On February 24, 2022 in Geneva, Christie’s auctioned off a piece of modern watchmaking history for the eye-opening sum of 546,500 Swiss francs ($590,000). What made this sale such an international milestone in the red-hot watch auction market was that the item in question was not actually a watch, but a sketch for a watch. Not just any watch, of course, but Gérald Genta’s original illustration for the Audemars Piguet Royal Oak. The buyer was later confirmed to be Audemars Piguet itself, the Swiss watch company that hired Genta, at the time an in-demand freelance watch designer, to create a new flagship model for the brand, one that ushered in a new era in watchmaking, and watch marketing, when it launched in 1972 — fifty years ago.
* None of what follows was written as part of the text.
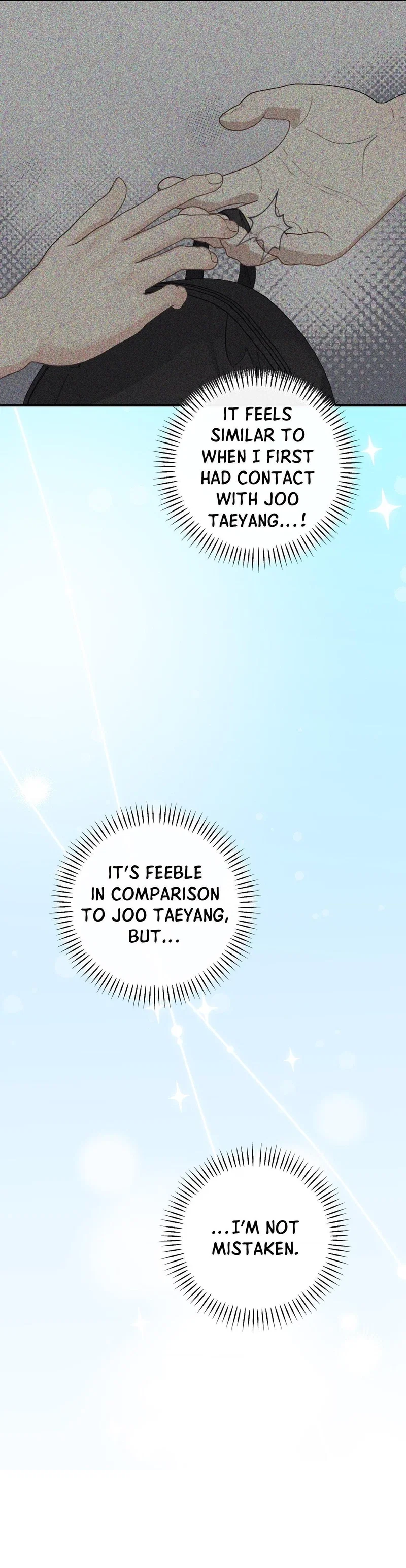 Symbiosis of Luna and Sol Chapter 30 - Page 30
In its half-century on the market, the Audemars Piguet Royal Oak has become one of the unquestioned icons of the luxury watch world, unmistakable in its aesthetics and far-reaching in its appeal and influence. For Audemars Piguet, which could look back upon a long and proud history of timepiece milestones since its founding in 1875, even before Genta brought that seminal sketch to the company, the Royal Oak has become the watch around which its entire collection revolves.
THE ROOTS OF THE OAK
It is worth pointing out that the Audemars Piguet Royal Oak, one of today’s most popular, valuable, and rabidly coveted watches, was far from a sure thing to ever be commercially produced, much less to be a success on the market. In 1972, the Swiss watch industry — especially venerable, traditional maisons like Audemars Piguet, which were still committed to making mechanical watches — were starting to feel the heat from lower-priced, mass-produced quartz watches from Asian competitors. The first watches with quartz movements had launched just a few years prior, in 1969, and a full-blown Quartz Crisis that would last through the 1970s and ‘80s and threaten the very existence of the Swiss watch industry was just starting to ramp up. Even the idea of the wristwatch as a luxury item was becoming increasingly passé.
All that considered, Audemars Piguet’s decision to release a steel sports watch with a mechanical movement, priced at the upper echelon of the market, in hindsight seems counterintuitive yet undeniably bold. Genta (above, 1931-2011), the Swiss watch and jewelry designer whom AP president Georges Golay approached for the project, already had an impressive track record in the luxury watch field, having contributed the designs of the Polerouter for Universal Genève, the Constellation for Omega, and the Golden Ellipse for Patek Philippe. (Genta’s more famous contribution to Patek’s portfolio, the Nautilus, came four years after the Royal Oak, in 1976.) Golay, who ran AP from 1966 to 1987, wanted a watch that would re-invigorate the brand, whose sales were stagnant and whose image was still rooted in the more genteel watches that were increasingly falling out of favor. On the eve of the Basel Watch Fair in 1969, Golay called Genta at 4 o’clock that afternoon and tasked him with designing a new sports watch at the urgent request of an Italian distributor. In one feverish all-nighter, or so he claimed, Genta came up with the concept sketch for Golay’s game-changing sports watch after looking at photos of historical divers’ helmets and being inspired by their rugged, angular shapes and visible screws.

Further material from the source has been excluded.